- _Exercise directions_: Everything in the listing that follows should be reproduced exactly except the pictures.

- _Record excerpts_:
++++++++
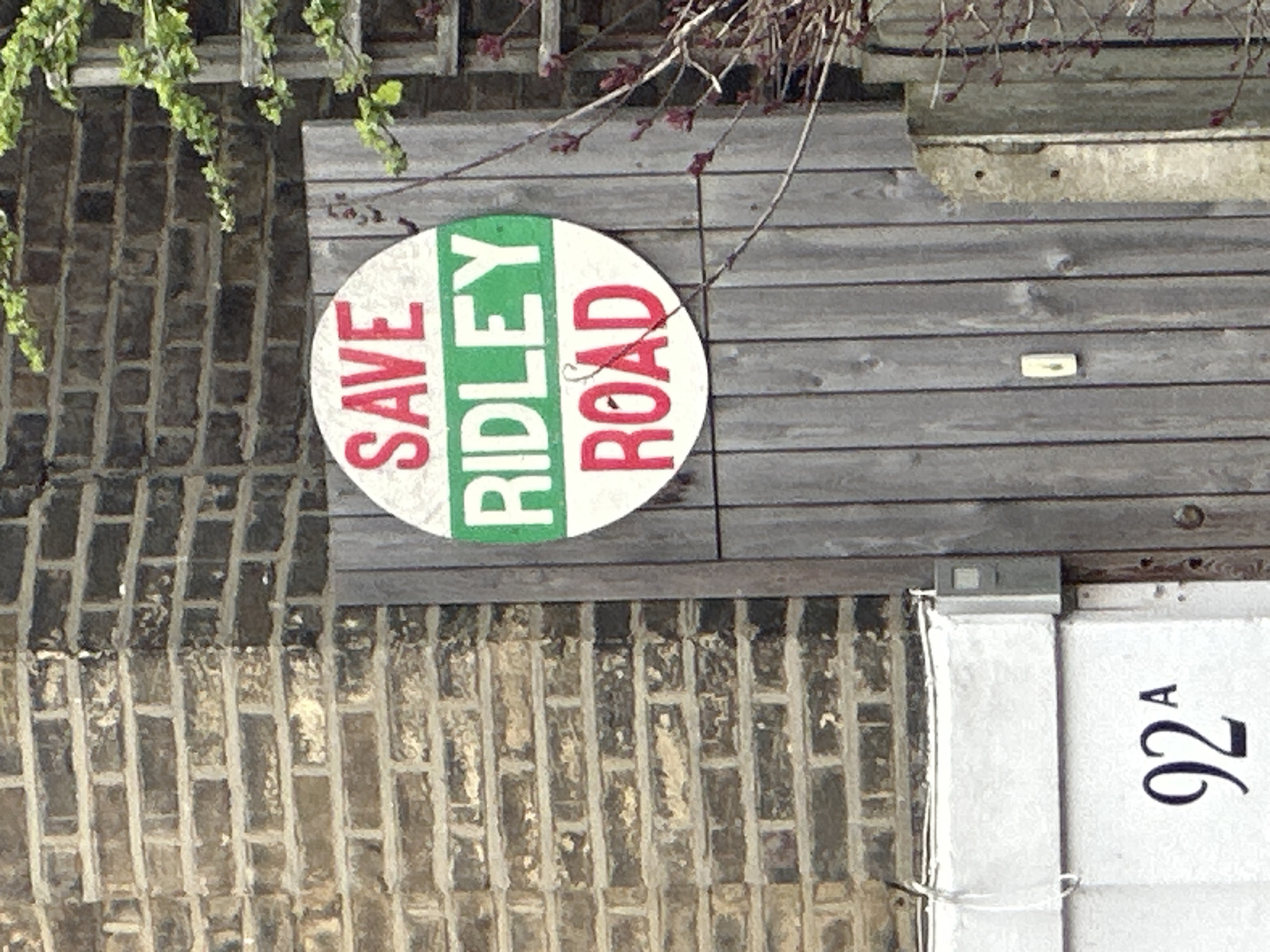 A daytime shot presents a brick facade with a "Save Ridley Road" sign affixed to wooden planking. The sign is circular with the words "SAVE" and "ROAD" in red, separated by the name "RIDLEY" in green. The address "92A" is printed on a white surface. This scene is located in Ridley Road, London, United Kingdom.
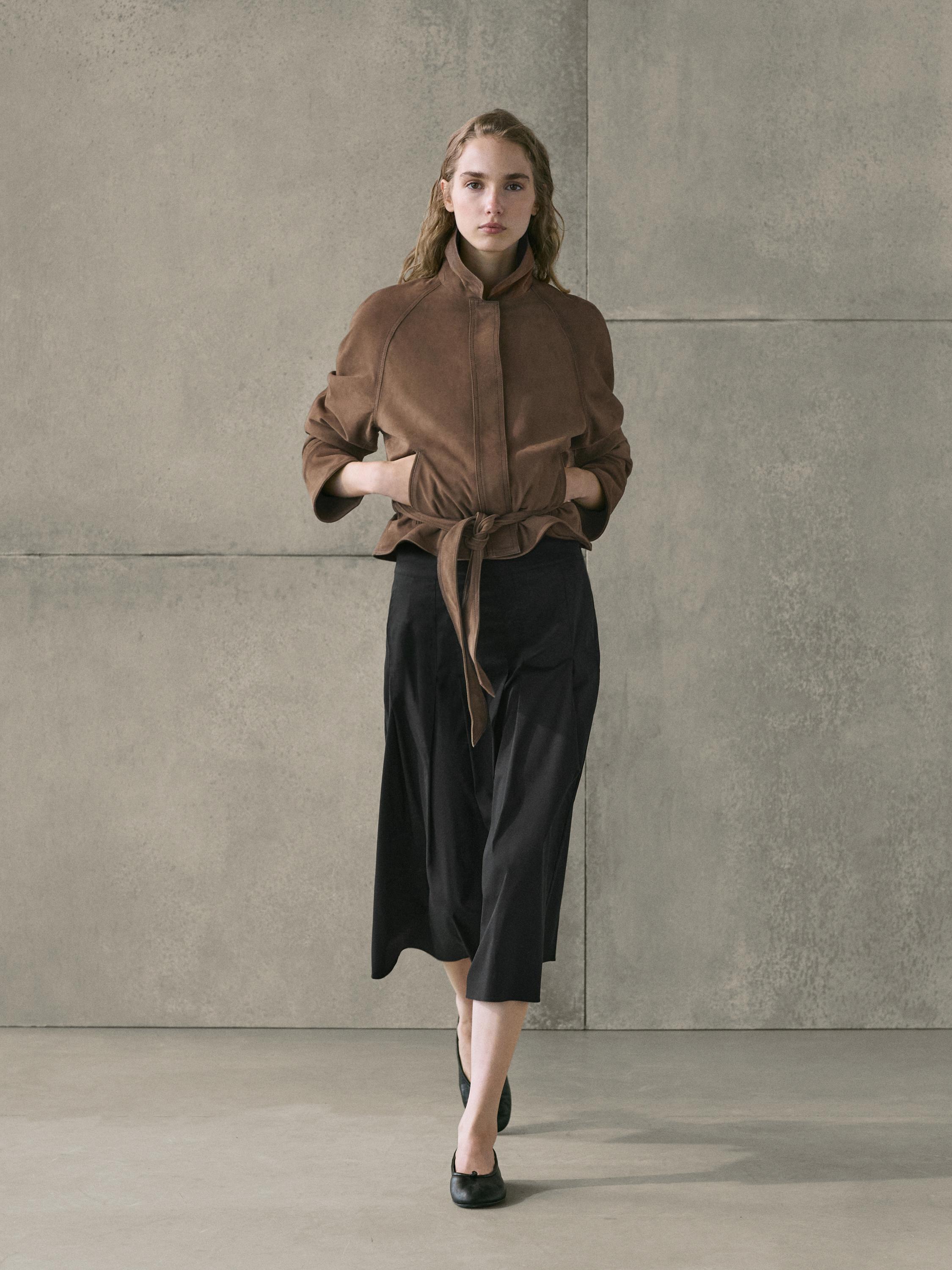 Conjunto de chaqueta marrón con cinturón y falda midi negra con tablas, combinados con zapatos negros.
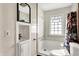 Bathroom featuring a shower-tub combo, a sink, a mirror, and a toilet at 1523 E Mills Ave, Indianapolis, IN 46227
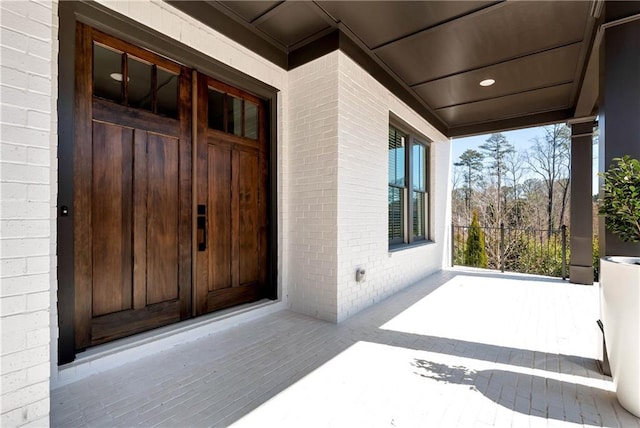 entrance to property featuring brick siding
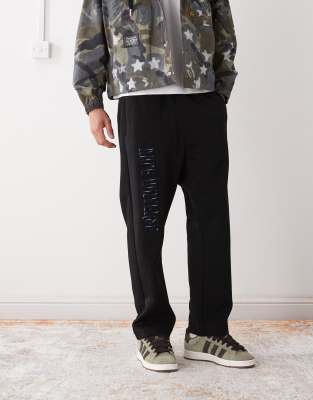 AAPE BY A BATHING APE® Aape by A Bathing Ape loose fit joggers in black with leg embroidery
++++++++
- _Written answer_:
 A daytime shot presents a brick facade with a "Save Ridley Road" sign affixed to wooden planking. The sign is circular with the words "SAVE" and "ROAD" in red, separated by the name "RIDLEY" in green. The address "92A" is printed on a white surface. This scene is located in Ridley Road, London, United Kingdom.
 Conjunto de chaqueta marrón con cinturón y falda midi negra con tablas, combinados con zapatos negros.
 Bathroom featuring a shower-tub combo, a sink, a mirror, and a toilet at 1523 E Mills Ave, Indianapolis, IN 46227
 entrance to property featuring brick siding
 AAPE BY A BATHING APE® Aape by A Bathing Ape loose fit joggers in black with leg embroidery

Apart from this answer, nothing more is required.